Create multiple HTTP endpoints for different users or departments to fine-tune access.

App-Level

Alternatively, handle authorization within individual app classes. This approach works well when you want each app to check user permissions before acting.

Example: Authorization Check in an App Class

In this approach, each app checks the user's permissions, like traditional ABAP apps.

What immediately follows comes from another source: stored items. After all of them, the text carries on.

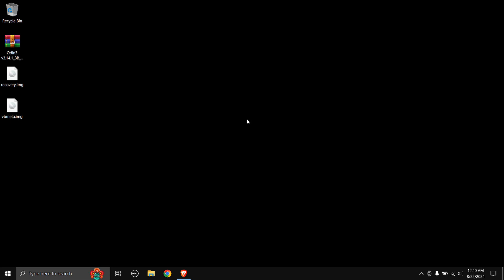Hey, what is up everyone and welcome back to my YouTube channel. Today in this video I'm going to be showing you how you can unlock the bootloader and install TWRP recovery in your Samsung Galaxy M52 5G. I'm going to be covering both things in one single video instead of making two separate ones.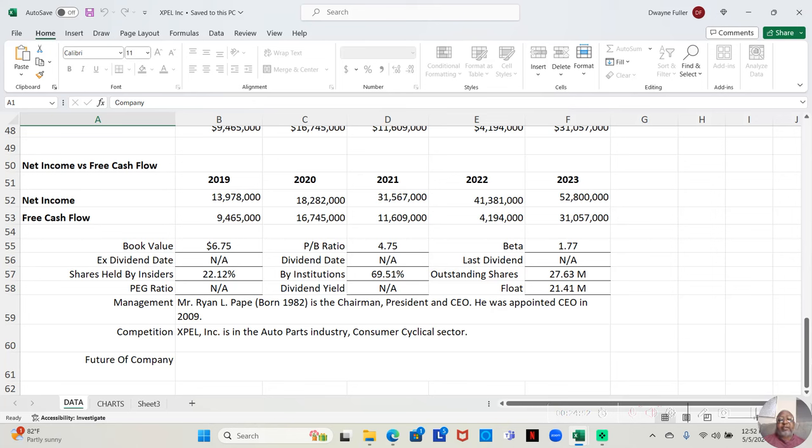XPEL Inc. is in the auto parts industry, consumer cyclical sector.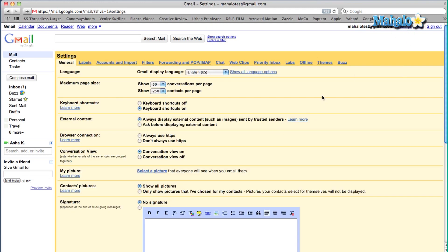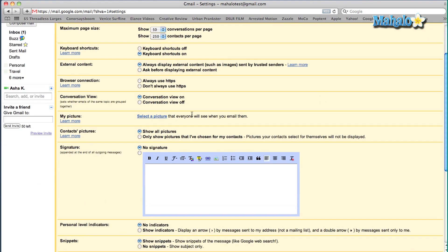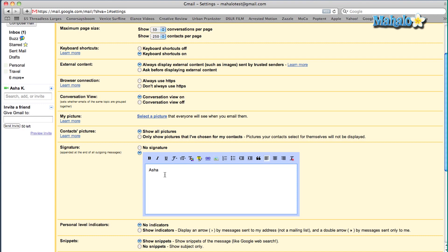Once the page is loaded, you're going to scroll all the way down until you see Signature. You're going to have to enable signature, so click on this tab underneath where it says No Signature. Now you'll see a text box and you can type in whatever you want to make your own custom signature. So let me type in Asha Kaye, TV host — and you can insert your cell phone number as well.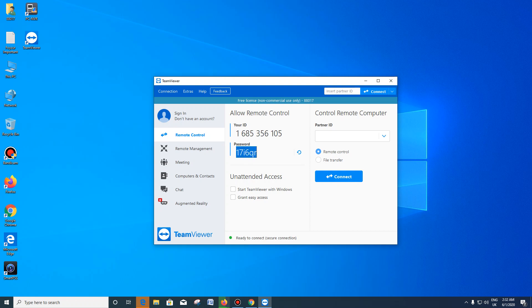If you have your ID, you can connect with your ID and password. If you have an additional ID, you will need to connect with your password. If you have any other options, you can also connect with your password.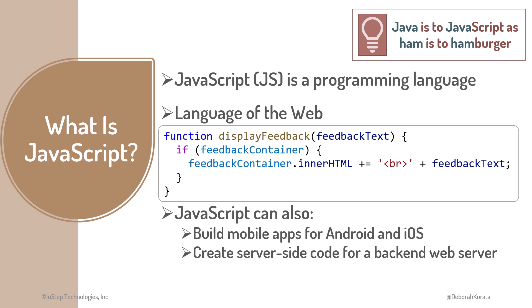Think of it this way. Java is to JavaScript, as ham is to hamburger. The names are similar, but that's about it.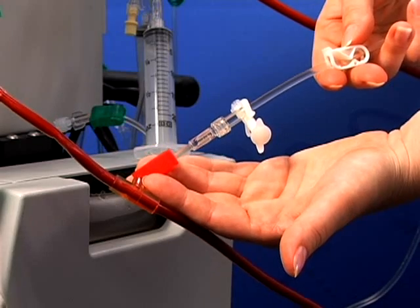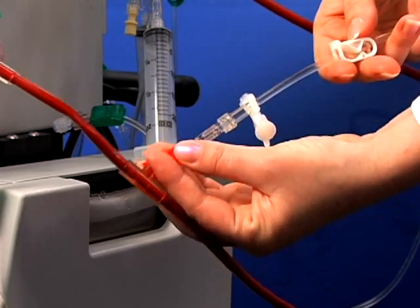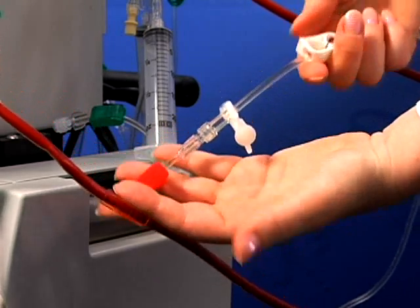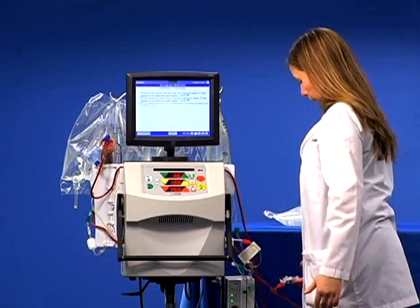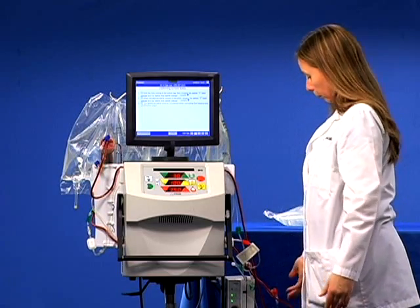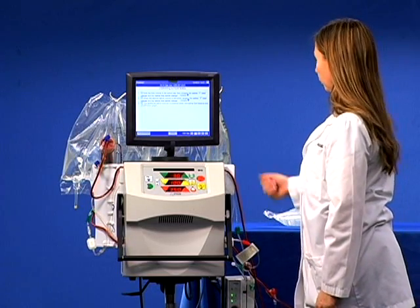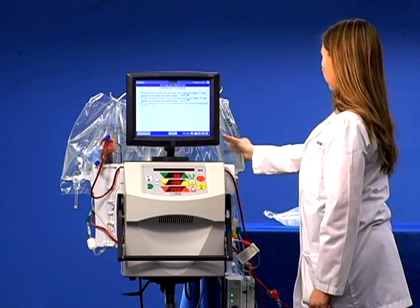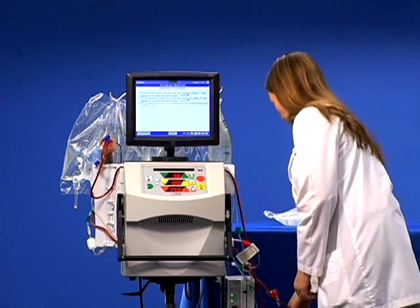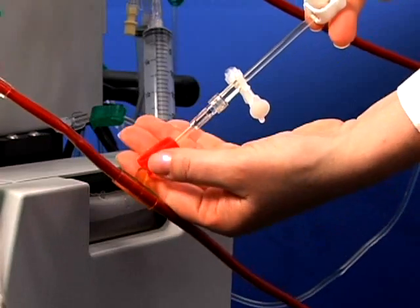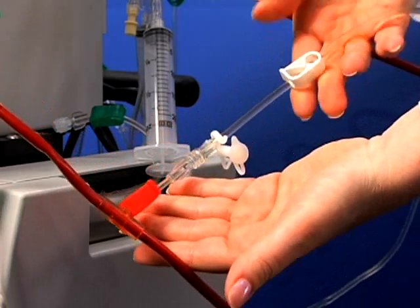Then unclamp the saline T and the saline line. When the desired saline volume is delivered, reclamp the saline T and the saline line.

CLASS z2ui5_cl_app DEFINITION PUBLIC.

  PUBLIC SECTION.
    INTERFACES z2ui5_if_app.

ENDCLASS.

CLASS z2ui5_cl_app IMPLEMENTATION.

  METHOD z2ui5_if_app~main.
    " Run an authorization check before launching the app
    AUTHORITY-CHECK OBJECT `Z_APP_AUTH`
                    ID `APP` FIELD `Z2UI5_APP_001`.

    IF sy-subrc <> 0.
      " Authorization failed, refuse access
      RETURN.
    ENDIF.

    " Continue with app processing if authorized
    " (App logic goes here)
  ENDMETHOD.

ENDCLASS.

WARNING

If you don't add authorization checks at the app level, make sure users can't bypass service-level checks by navigating between apps.